Mobile's historic Church Street Graveyard is full of party people.
Locals suggest I visit the grave of Joe Cain; they talk about him with great personal affection, and I intimate that he must have passed away recently. I find his grave colorfully festooned with flowers, beads, and moon pies - then discover that he's been dead since 1904.
It was Joe who paraded through the streets of Mobile on that famous Fat Tuesday in 1867. He and six of his friends rode a decorated coal wagon through downtown Mobile, banging drums, blowing horns, and comically declaring some kind of victory. And thus was Mardi Gras celebration (re)born in the U. S. of A.
Never one to be outdone, Joe Cain always spent Mardi Gras decked out as the eternally undefeated (and fictional) Chicasaw chief Slacabamorinico (aka "Old Slac").
(And you thought you were hip.)
Another of the partying departed buried at Church Street Graveyard is Mobile's fabulous poet/translator/actor/raconteur Eugene Walter.
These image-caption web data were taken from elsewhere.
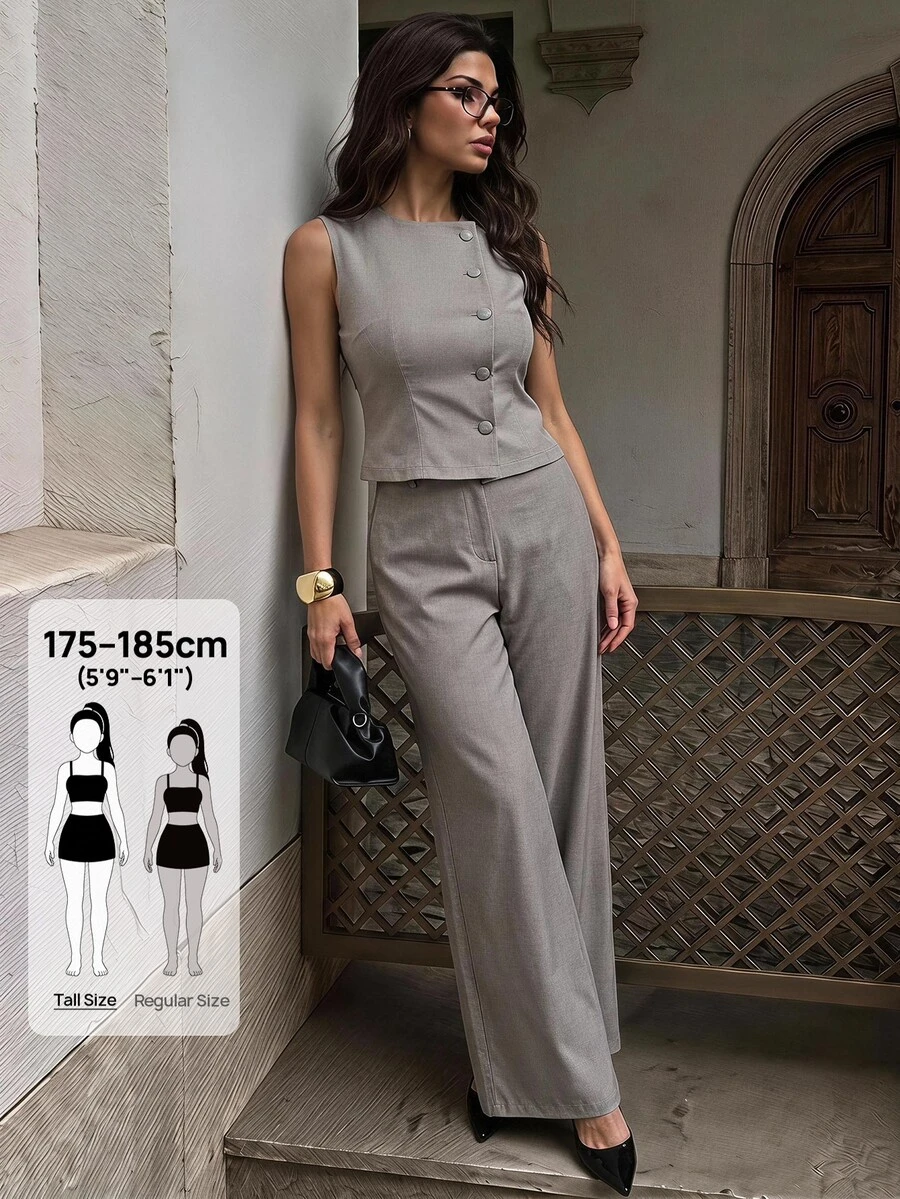 SHEIN Tall Elegant Grey Casual Shirt And Wide-Leg Trouser Suit Set For Tall Women - Grey - View 1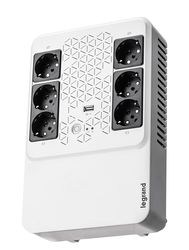 Legrand, ononderbroken stroomvoorziening (UPS-systeem), Keor multiplug met 800 VA/480 W - 6 uitgangen van 230 V (Schuko-stopcontacten) + USB-oplader, 310082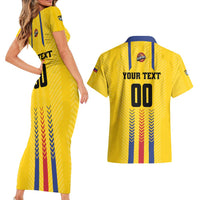 Colombia Basketball Custom Couples Matching Short Sleeve Bodycon Dress and Hawaiian Shirt Vamos Colombiana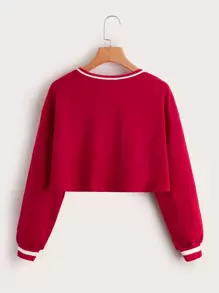 SHEIN Leisure Long Sleeve Teenage Girls' Letter Pattern Pullover Sweatshirt - Red - View 2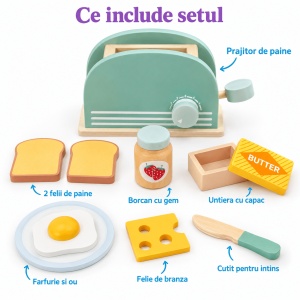 Jucarie prajitor de paine din lemn cu accesorii pentru micul dejun, Toaster Bread, 9 piese - Img 6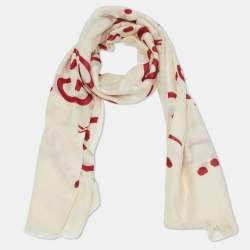 Pre Owned Gucci Cream & Red GG Ghost Print Modal & Silk Blend Scarf 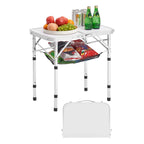VEVOR Folding Camping Table, Adjustable Height Portable Side Tables, Aluminum MDF Beach Table with Mesh Layer, Carrying Handle, Lightweight Compact for Outdoor Picnic BBQ Cooking, 24x16in, Silver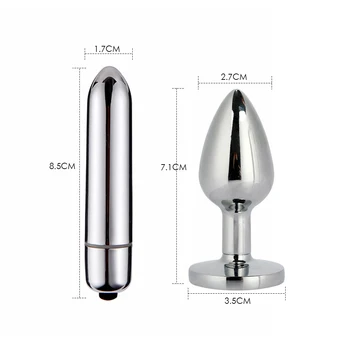 Bombomda aliaj de Aluminiu Anal Plug de Bijuterii de Cristal Sărituri ou Buna Butt Plug Vibrator Dilatator Anal Jucării pentru Bărbați/Femei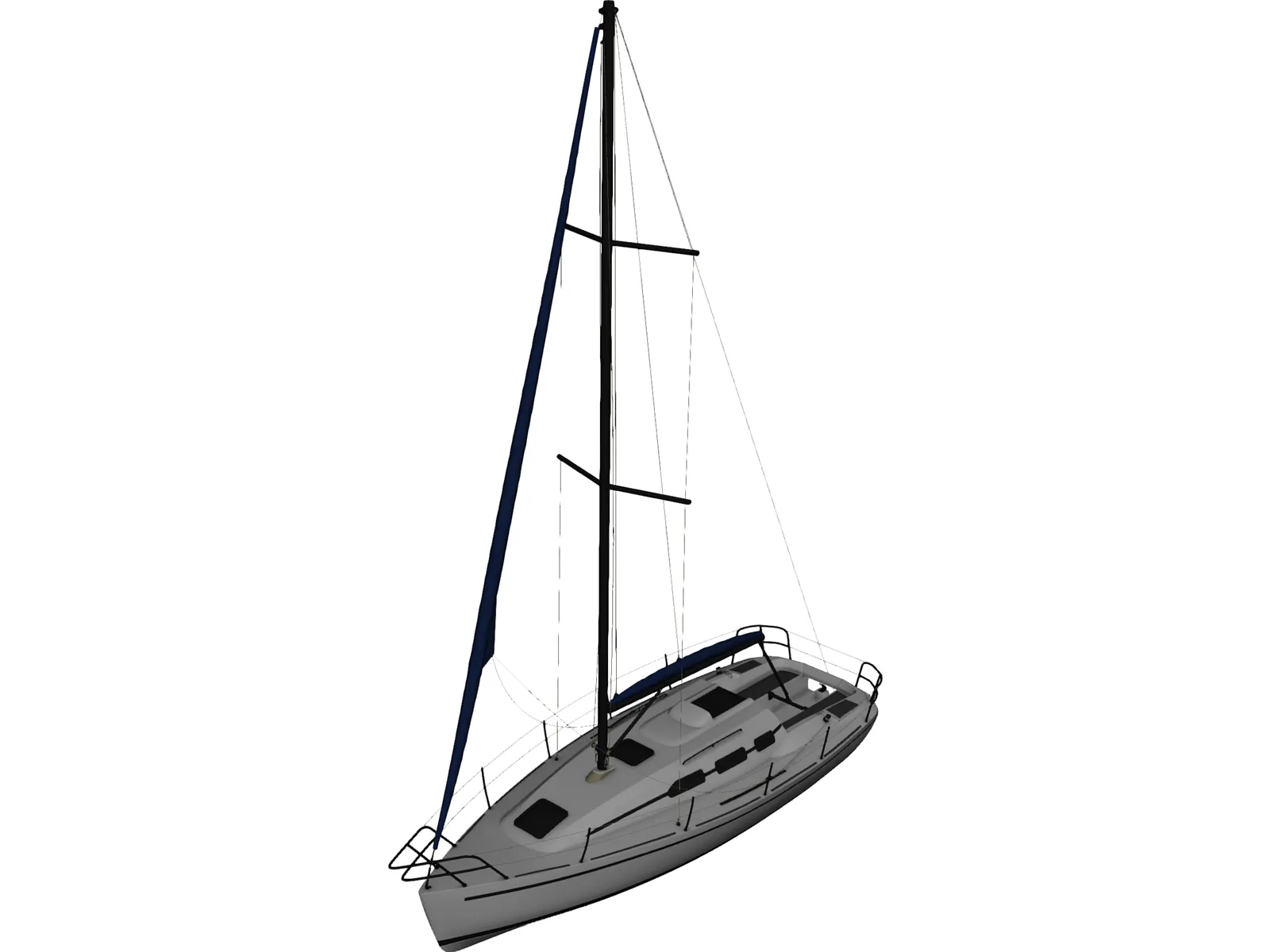 Sailboat Yacht 3D Model main preview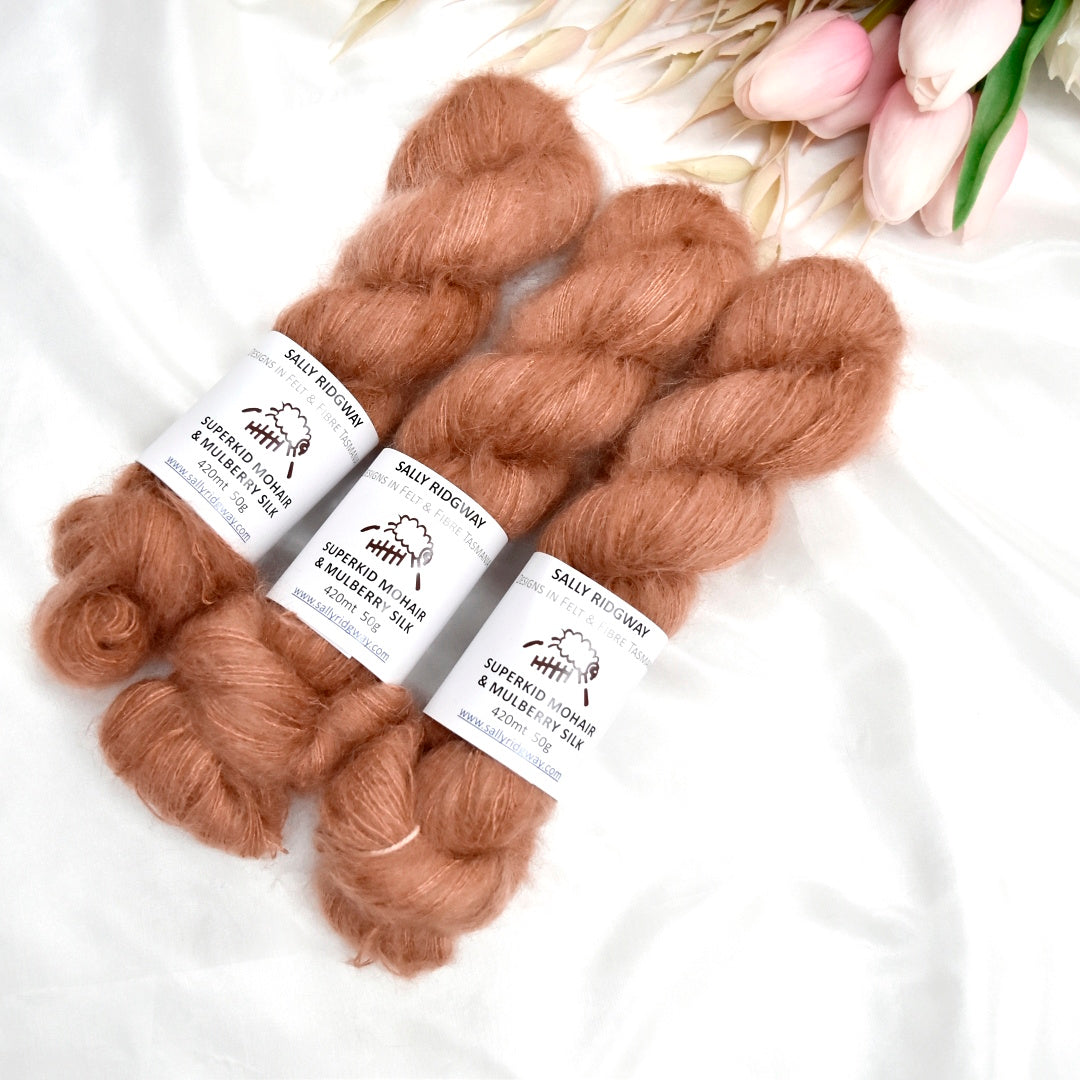 Superkid Mohair & Silk Hand Dyed Amber| Mohair Silk | Sally Ridgway | Shop Wool, Felt and Fibre Online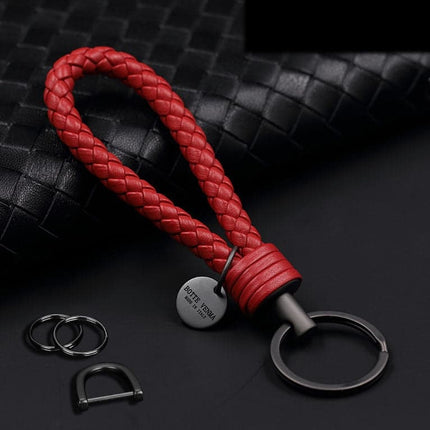 Leather car key chain Men's high quality key chain pendant cowhide hand woven women's creative gift decorative key chain lanyard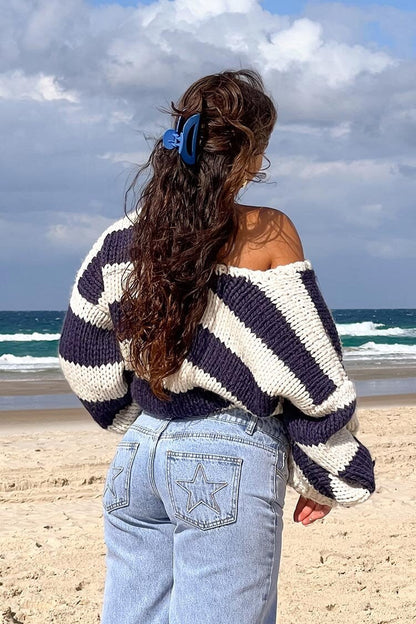 Pull en tricot à rayures, épaules dénudées, confortable pour les superpositions d'automne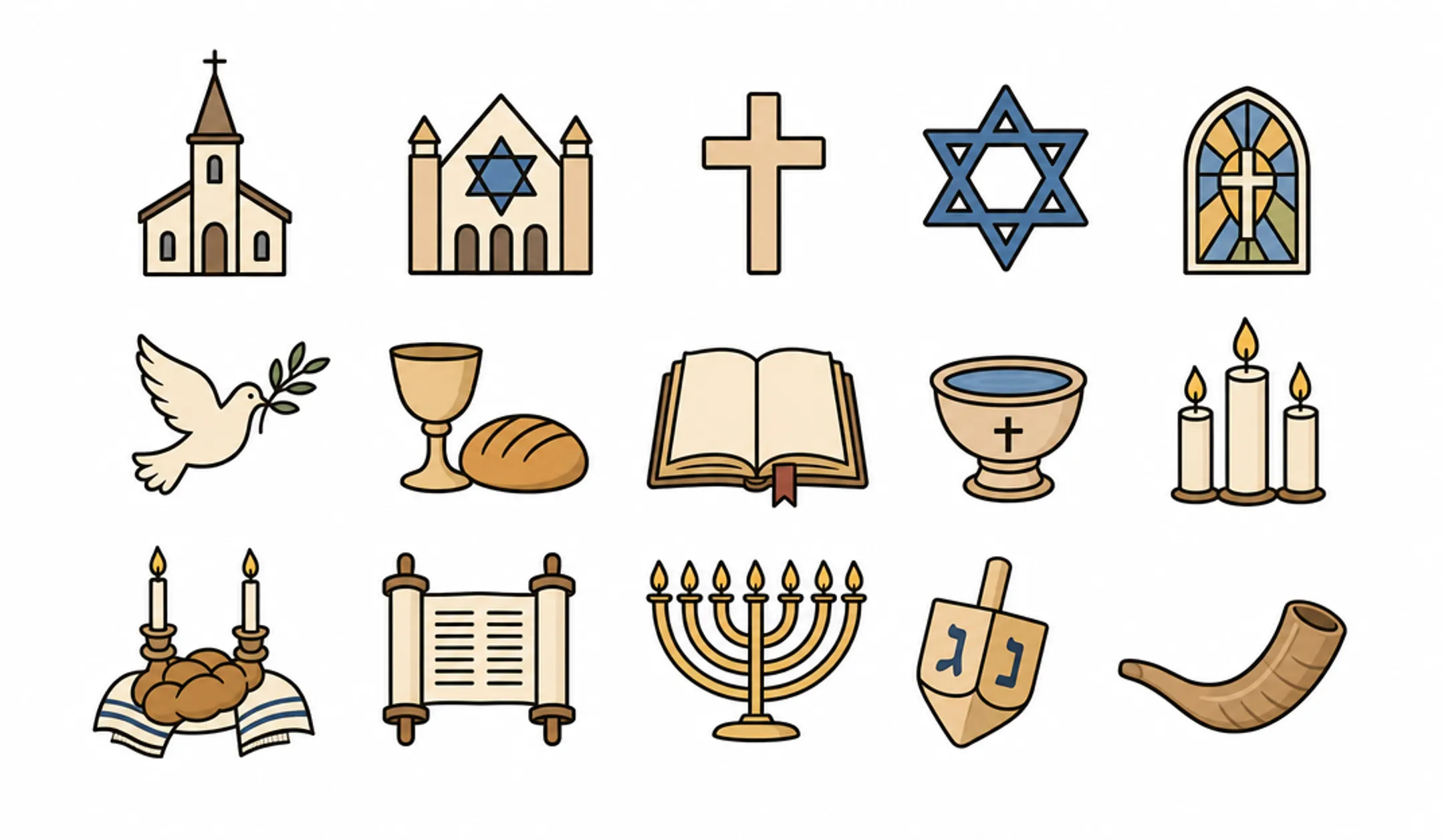 Diverse religious symbols representing denominational sponsors of faith-based senior communities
A restless bohemian whose joie-de-vivre knew no bounds, Walter filled books with his poetry, stories, and recipes, co-founded the Paris Review, hosted parties in NYC, Rome, and Paris, and even played bit parts in Fellini's 8 1/2 ("American journalist") and Juliet of the Spirits ("Mother Superior"). Legend has it that Walter schlepped a shoebox packed with red Alabama clay around Europe with him.